***** Given information
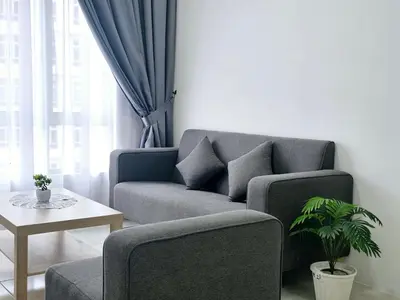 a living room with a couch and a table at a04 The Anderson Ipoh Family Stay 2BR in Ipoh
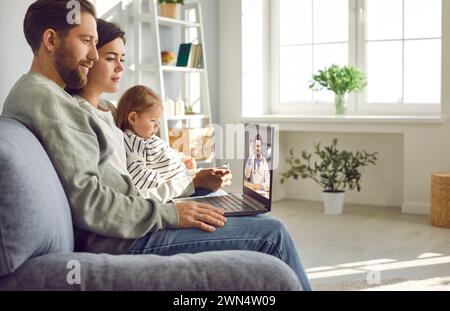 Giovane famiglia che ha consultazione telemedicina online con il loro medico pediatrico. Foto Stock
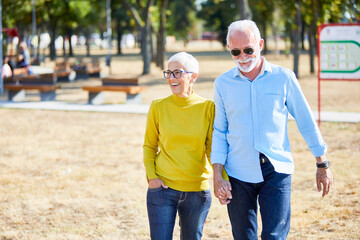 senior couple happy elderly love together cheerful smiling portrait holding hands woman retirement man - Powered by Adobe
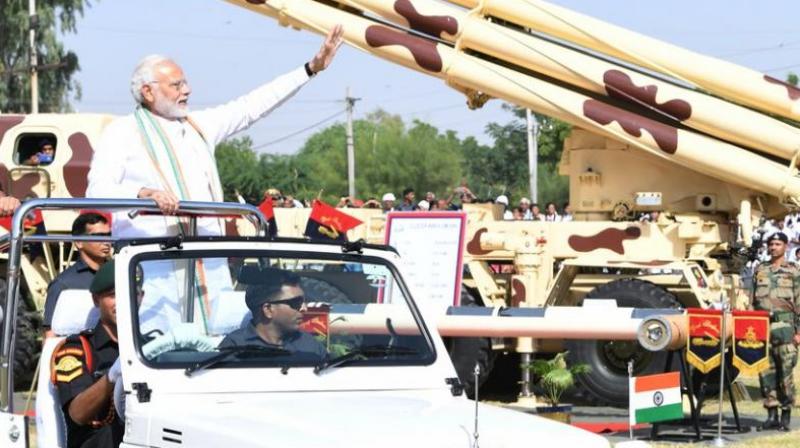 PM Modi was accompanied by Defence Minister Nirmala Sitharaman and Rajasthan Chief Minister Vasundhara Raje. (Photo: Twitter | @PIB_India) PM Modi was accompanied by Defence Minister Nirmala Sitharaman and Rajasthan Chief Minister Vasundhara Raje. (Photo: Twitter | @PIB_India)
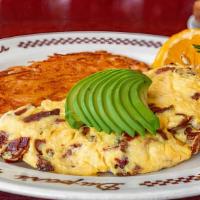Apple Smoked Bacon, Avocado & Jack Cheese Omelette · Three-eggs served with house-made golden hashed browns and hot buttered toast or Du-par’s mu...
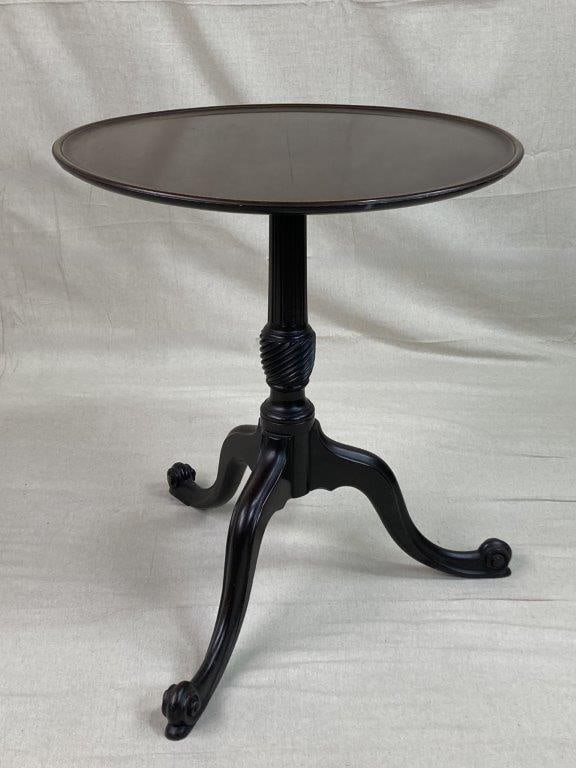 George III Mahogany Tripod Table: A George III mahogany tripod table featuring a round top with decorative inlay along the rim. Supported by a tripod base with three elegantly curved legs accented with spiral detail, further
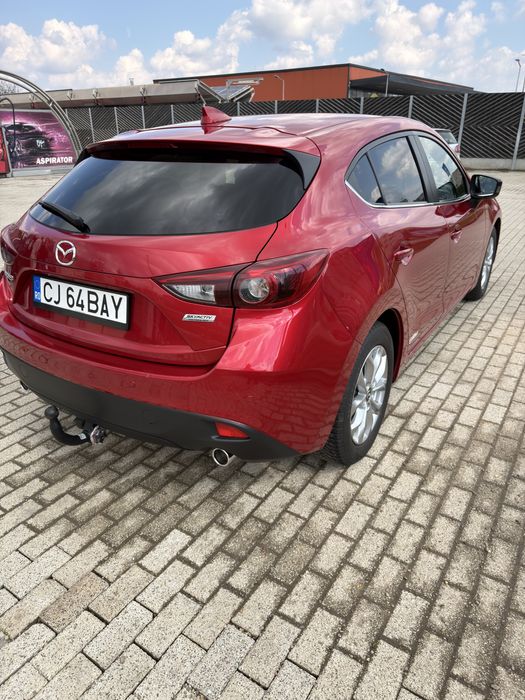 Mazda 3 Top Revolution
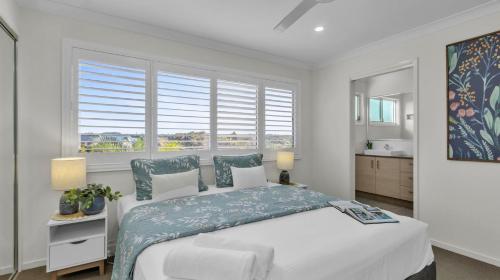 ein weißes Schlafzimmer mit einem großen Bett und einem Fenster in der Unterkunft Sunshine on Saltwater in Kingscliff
**********
- [Exercise goal]
All lines from the one containing "George III Mahogany Tripod Table: A" through the final line of the records are to be retyped exactly; no other lines and no pictures are to be included.

- [Expected answer]
 George III Mahogany Tripod Table: A George III mahogany tripod table featuring a round top with decorative inlay along the rim. Supported by a tripod base with three elegantly curved legs accented with spiral detail, further
 Mazda 3 Top Revolution
 ein weißes Schlafzimmer mit einem großen Bett und einem Fenster in der Unterkunft Sunshine on Saltwater in Kingscliff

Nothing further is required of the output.